[ThinLTO] Importing based on PGO data

Hi,
I am working right now on importing based on PGO/FDO data. There is one issue that I found - when we calculate the list of imports, we can’t get the ProfileSummaryInfo, which is the best and I
think only valid way of checking if callsite/callee is hot (isHotCount()). There are 2 solutions that I come up with Teresa and Easwaran:

  1. Add PGO data to summary
  2. Replace CalleeInfo::ProfileCount with enum {None, Cold, Hot} computed during computing summary.

I like the 2. much more. It will reduce the summary size slightly and I don’t think we will need ProfileCount anywhere else.

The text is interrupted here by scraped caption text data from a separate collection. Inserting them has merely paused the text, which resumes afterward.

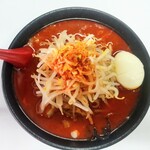 麺辛屋 二代目 美國 - 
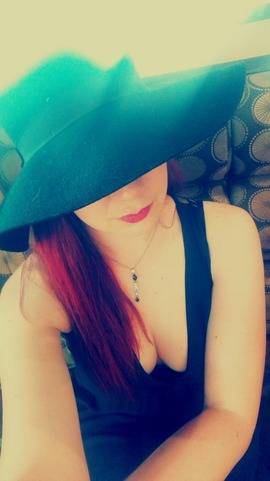 fancentro foxxyroxxie profile photo. foxxyroxxie 1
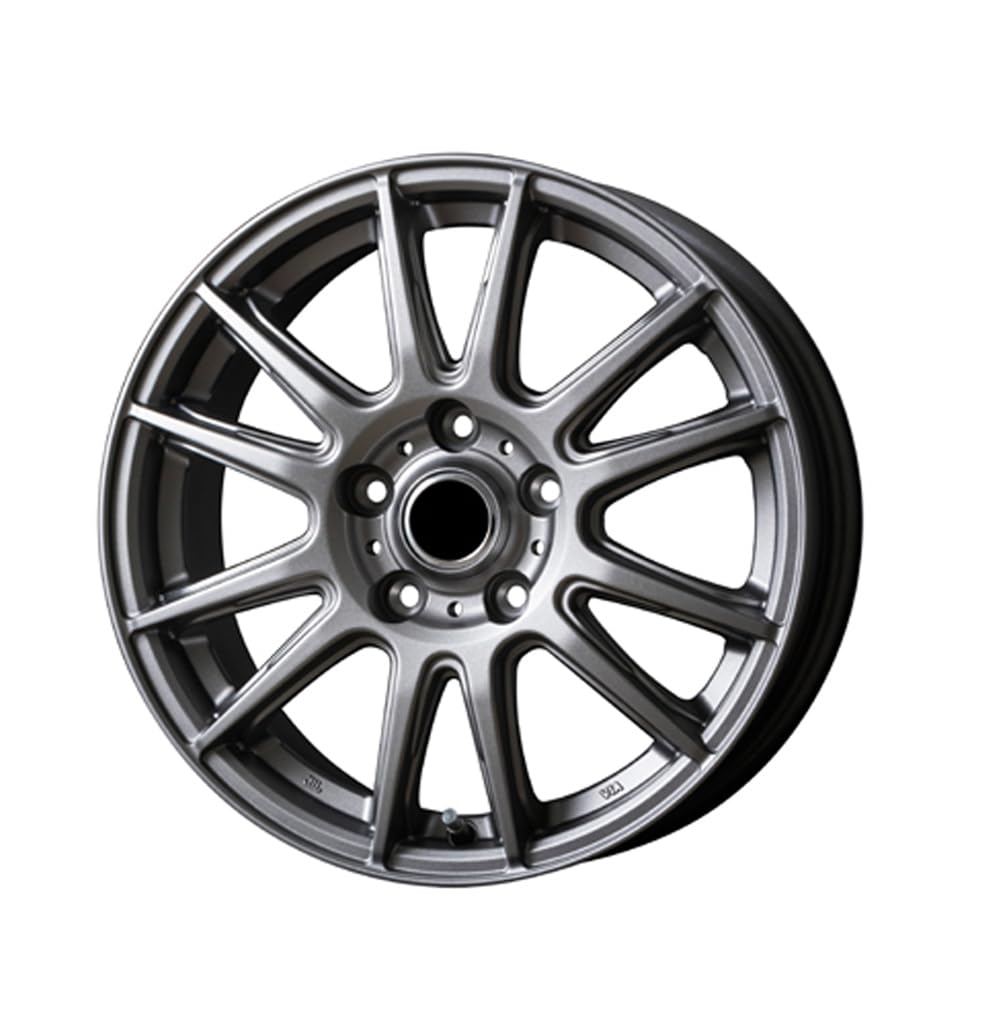 【‎♥‎♥‎♥】 ①スタッドレスホイール・タイヤ　4本セット　ダンロップ Amazon | 【スタッドレスタイヤ・ホイール 4本セット】 ダンロップ 185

The other thing I would like to mention is that I think we should start using the summary versioning and drop support of old version.
ThinLTO doesn’t have enough users right now and parsing many versions of summary will just add additional cost, that will start to grow.

Piotr

Hi,
I am working right now on importing based on PGO/FDO data. There is one
issue that I found - when we calculate the list of imports, we can't get the
ProfileSummaryInfo, which is the best and I
think only valid way of checking if callsite/callee is hot (isHotCount()).
There are 2 solutions that I come up with Teresa and Easwaran:

1. Add PGO data to summary
2. Replace CalleeInfo::ProfileCount with enum {None, Cold, Hot} computed
during computing summary.

Don't we already have edge profile count in the callgraph summary?
I think what is missing is the Profile SUmmary data itself -- that one
should be copied over to thinLTO summary so that the importing
analysis can use. However I we should not need to duplicate the
information in every module.

David

Hi,
I am working right now on importing based on PGO/FDO data. There is one
issue that I found - when we calculate the list of imports, we can't get
the ProfileSummaryInfo, which is the best and I
think only valid way of checking if callsite/callee is hot (isHotCount()).
There are 2 solutions that I come up with Teresa and Easwaran:

1. Add PGO data to summary

How much PGO data would need to be copied to summary?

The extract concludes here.